(Pictures with short captions)
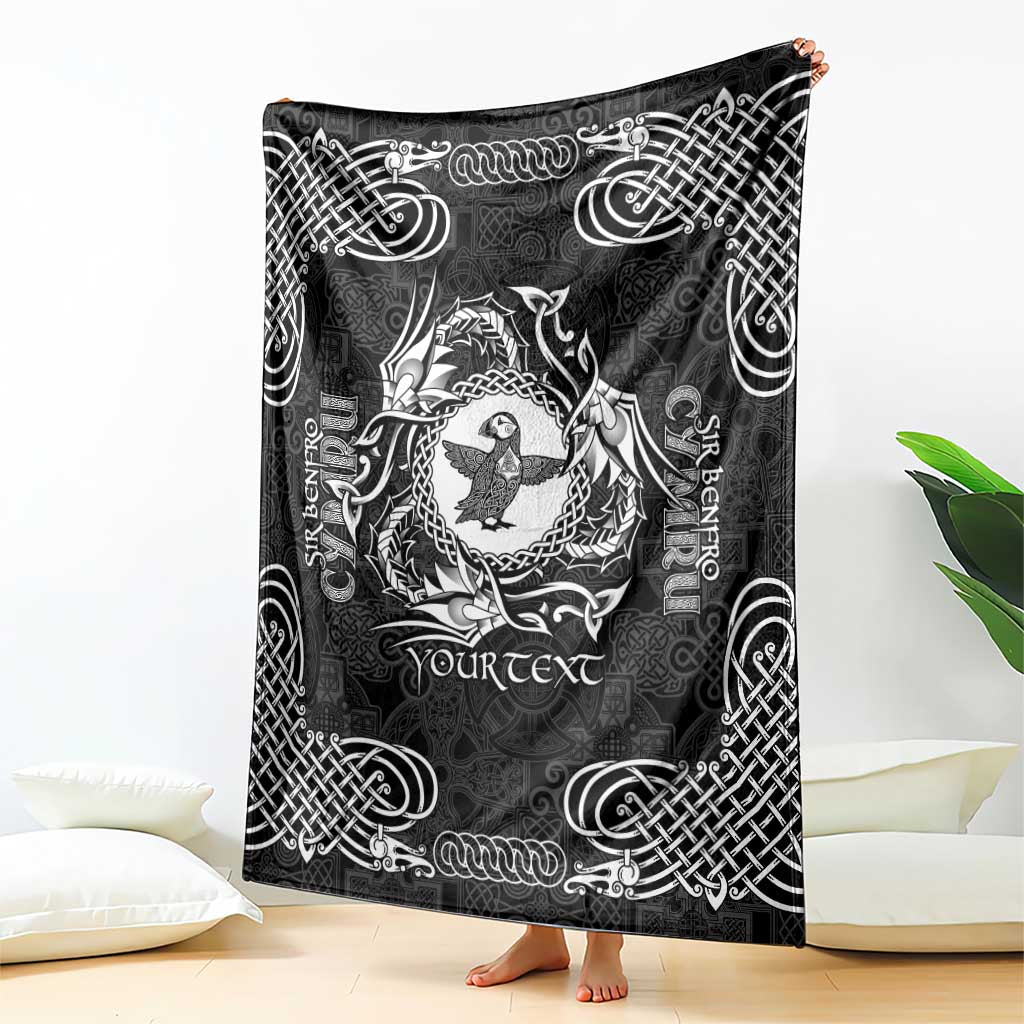 Personalized Pembrokeshire Sir Benfro Blanket Black Puffin Celtic-inspired - Wonder Print Shop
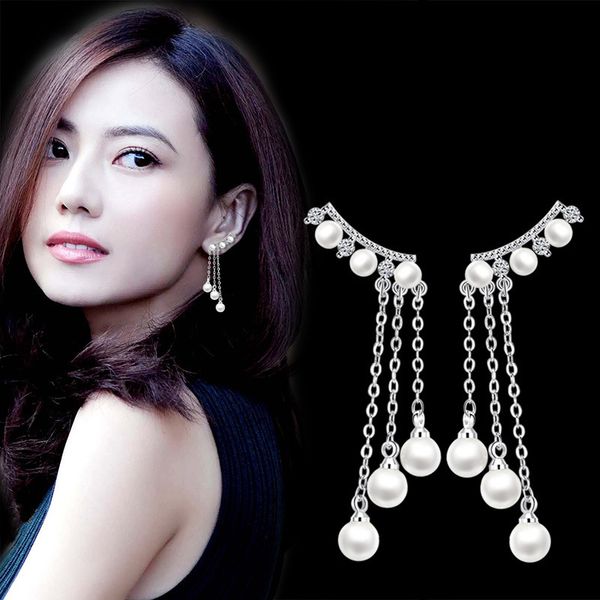 

new fashion earings silver sterling 925 wholesale exaggeration tassel pearl earrings 2019 drop ear rings for ladies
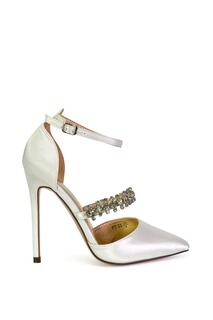 Свадебные туфли на высоком каблуке-шпильке с острым носком и ремешками &apos;Giana&apos; XY London, бежевый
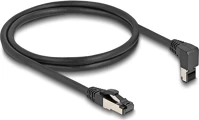 Delock 80394 Rj45 hálózati kábel cat.8.1 s/ftp 90  fokban felfelé hajló / egyenes 1 m fekete kép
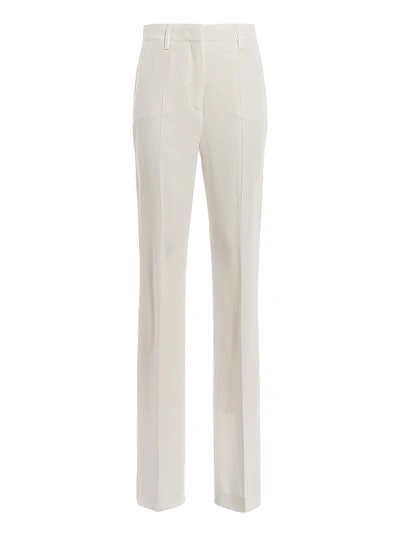 Shop Prada Satin Sable Trousers In White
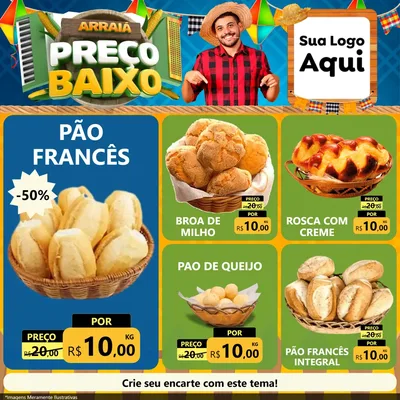 Modelo de Rede Social para Feed Facebook com o tema Arraiá de Preço Baixo - Junina para Padaria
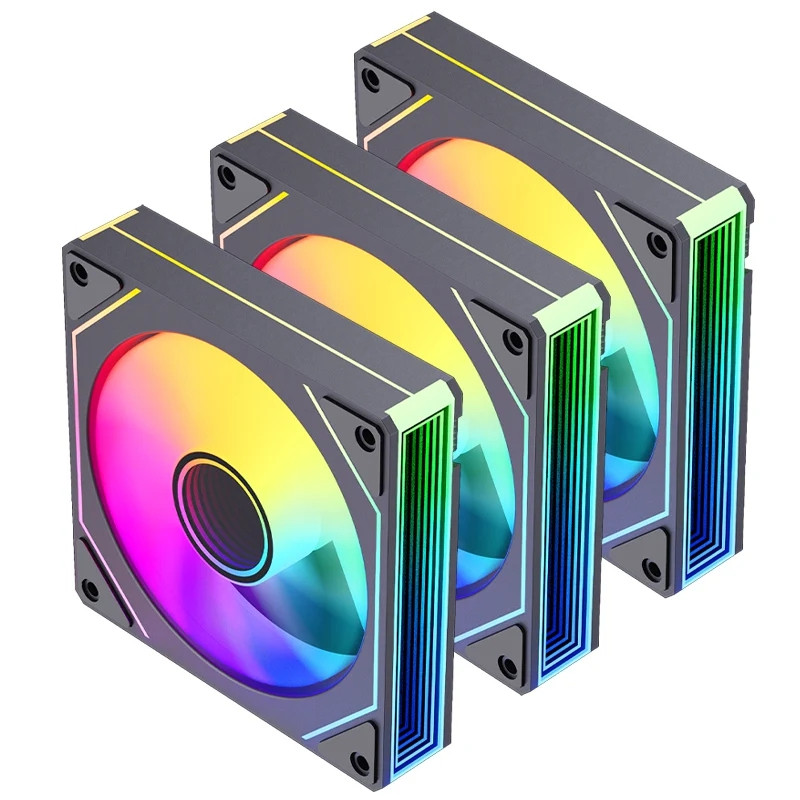 Kit 3 Ventoinhas RGB 120mm Alto Fluxo Resfriamento PC Gamer Hub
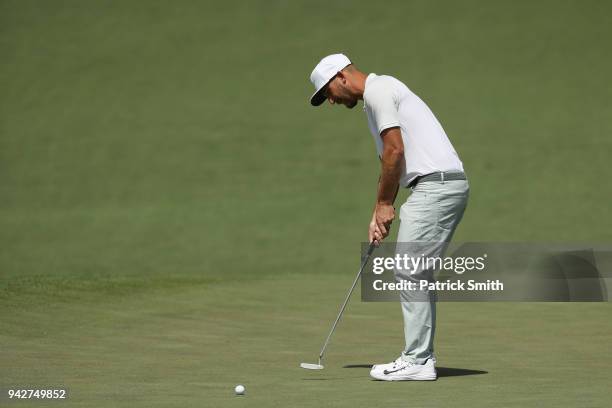 Kevin Chappell of the United States putts on the second hole during the second round of the 2018 Masters Tournament at Augusta National Golf Club on...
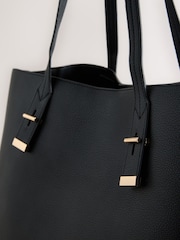 Black Structured Tote Bag - Image 4 of 5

• [EXERCISE]:
Your reply should repeat the entries above exactly, leaving the pictures out.

• [RESULT OF THE TASK]:
 Personalized Pembrokeshire Sir Benfro Blanket Black Puffin Celtic-inspired - Wonder Print Shop

new fashion earings silver sterling 925 wholesale exaggeration tassel pearl earrings 2019 drop ear rings for ladies
 Свадебные туфли на высоком каблуке-шпильке с острым носком и ремешками &apos;Giana&apos; XY London, бежевый
 Delock 80394 Rj45 hálózati kábel cat.8.1 s/ftp 90  fokban felfelé hajló / egyenes 1 m fekete kép
 Shop Prada Satin Sable Trousers In White
 Modelo de Rede Social para Feed Facebook com o tema Arraiá de Preço Baixo - Junina para Padaria
 Kit 3 Ventoinhas RGB 120mm Alto Fluxo Resfriamento PC Gamer Hub
 Kevin Chappell of the United States putts on the second hole during the second round of the 2018 Masters Tournament at Augusta National Golf Club on...
 Black Structured Tote Bag - Image 4 of 5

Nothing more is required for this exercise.